What is the maximum duration authorized for a bridging loan?

Borrowers have relatively little time to repay such a large loan. Most bridge loans are for terms of six months and at most twelve months. This means you need to have a plan to pay off the loan and secure longer-term financing by the end of that period.

How to qualify for a commercial bridging loan

Eligibility for bridge loan funding can be similar to what you would need to qualify for other types of loans, although your collateral will play a much larger role here.

Exact qualifications vary from lender to lender. They will review your credit scores, both personal and professional. If you haven’t yet learned how to establish business credit, now is a good time to do so to qualify for the loan you want.

The amount of loan you qualify for will depend on this LTV (value of the property you are putting up as collateral). Lenders may also look at your annual income to determine your eligibility.

What to look for in a commercial bridging loan

Financing options that offer the lead time that commercial bridge loans offer will cost more, although you can shop around for the best price on that bridge financing for your next investment property.

Your monthly repayment amount will be high, so make sure you can afford it.

The most important thing is to have a plan for how you will transition to the next long-term funding vine.
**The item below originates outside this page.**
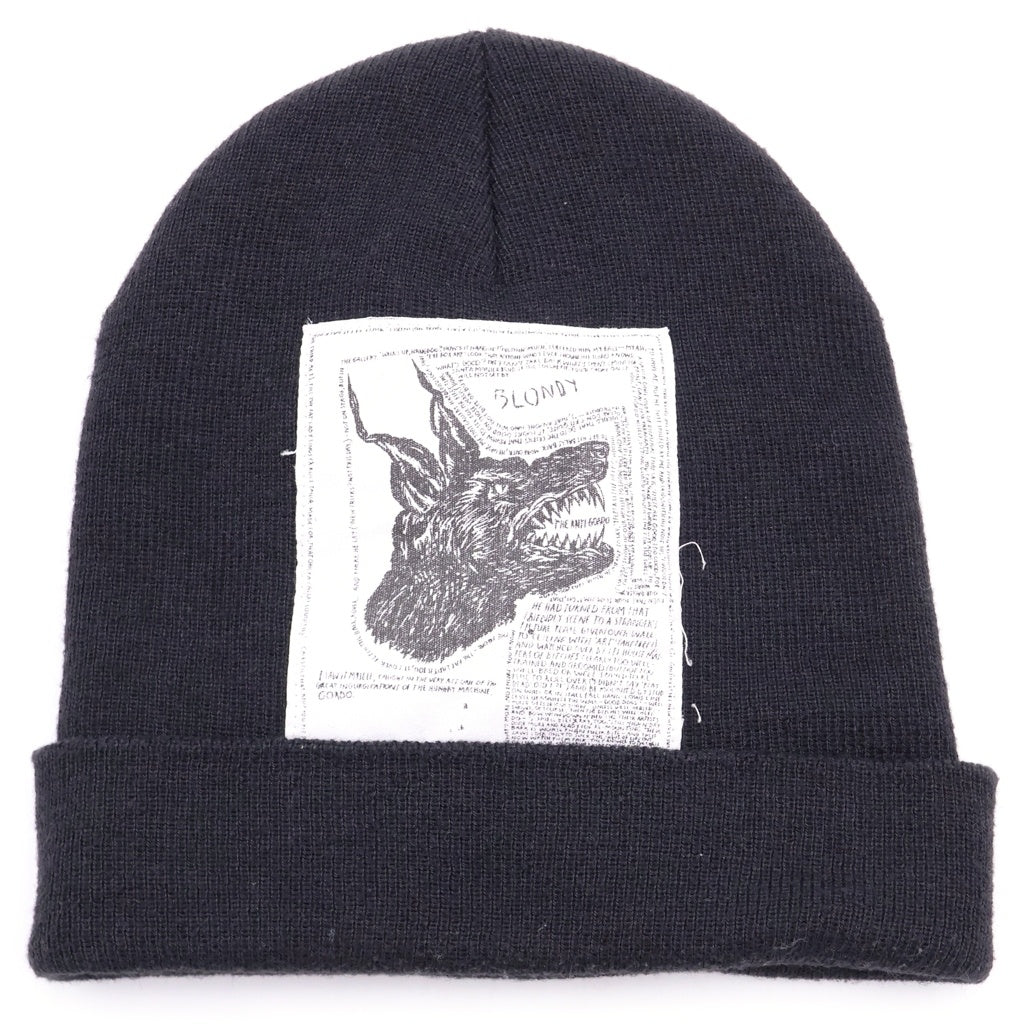 SUPREME(シュプリーム) 24AW ×THE NORTH FACE TNF Beanie ザノースフェイス 刺繍ロゴ ビーニー ニットキャップ ブラック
Plan initially to apply for a longer-term loan so that you can refinance your commercial bridge loan as soon as permanent financing is in place.
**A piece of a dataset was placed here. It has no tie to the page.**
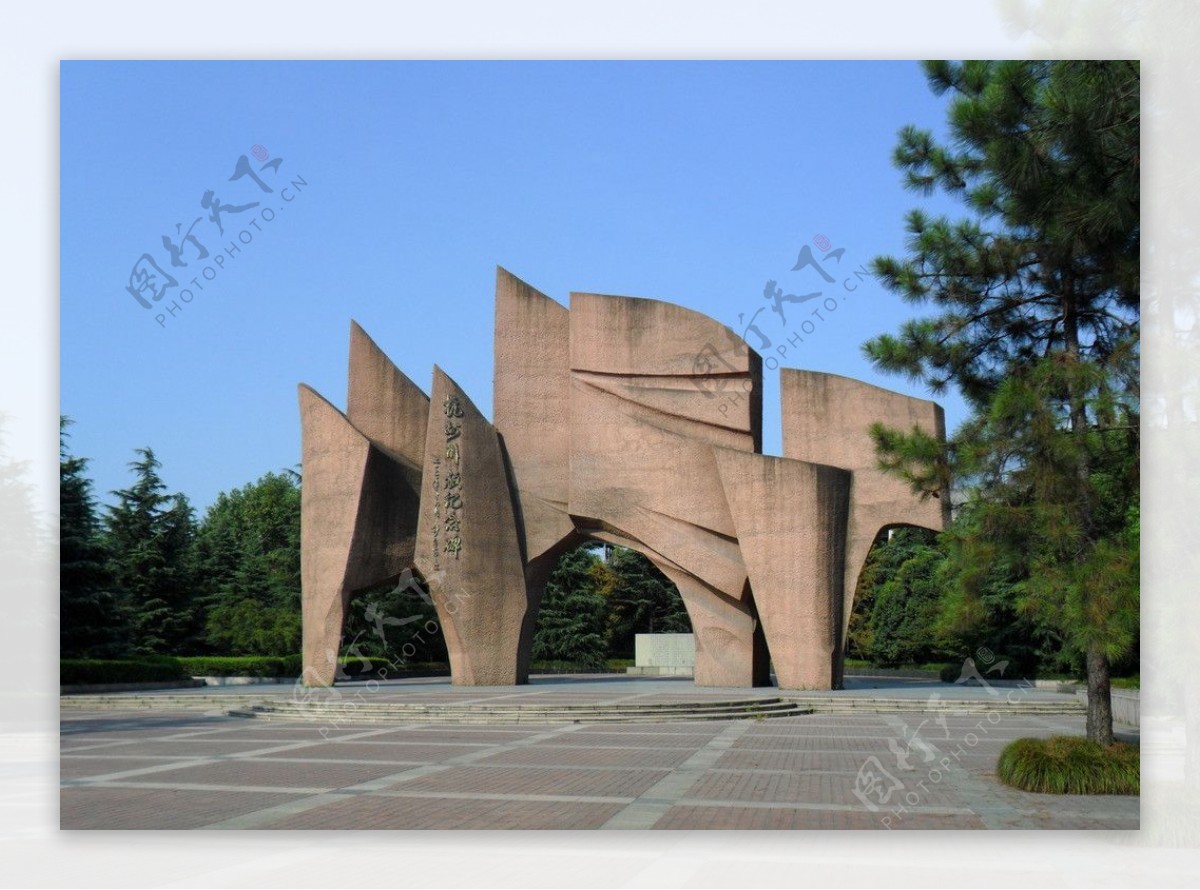杭州解放纪念碑图片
Look for a lender that has a solid reputation for positive customer service, fast processing of loan applications, and lightning-fast funding.

Main lenders for commercial bridging loans

Let’s look at some bridge lenders who might be able to help you with your financing needs.

Stratton Stocks

As a national provider of commercial bridge mortgages, Stratton Equities offers financing from $200,000 to $5 million, with rates starting at 7.25%. Repayment terms are longer than most bridging loans: you can repay your loan for up to two years.

Credibility Capital

Although not technically a bridge loan program, Credibility Capital’s medium-term loan can give you up to $500,000 that you repay over one to five years. Rates start at 6.99% and there are no prepayment fees or other hidden charges.

Capital AVANA

AVANA Capital is another option for commercial bridging financing. These loans can be used for home acquisitions, purchases or improvements, or debt consolidation, among other uses, and you will have between 12 and 36 months to repay it.

Nav’s Verdict: Commercial Bridge Loans

You shouldn’t miss out on investment opportunities just because you don’t have the cash to buy commercial real estate. A commercial bridge loan could be just what the doctor ordered: you’ll get the money you need while you make longer-term financing arrangements.

This article was originally written on March 17, 2022.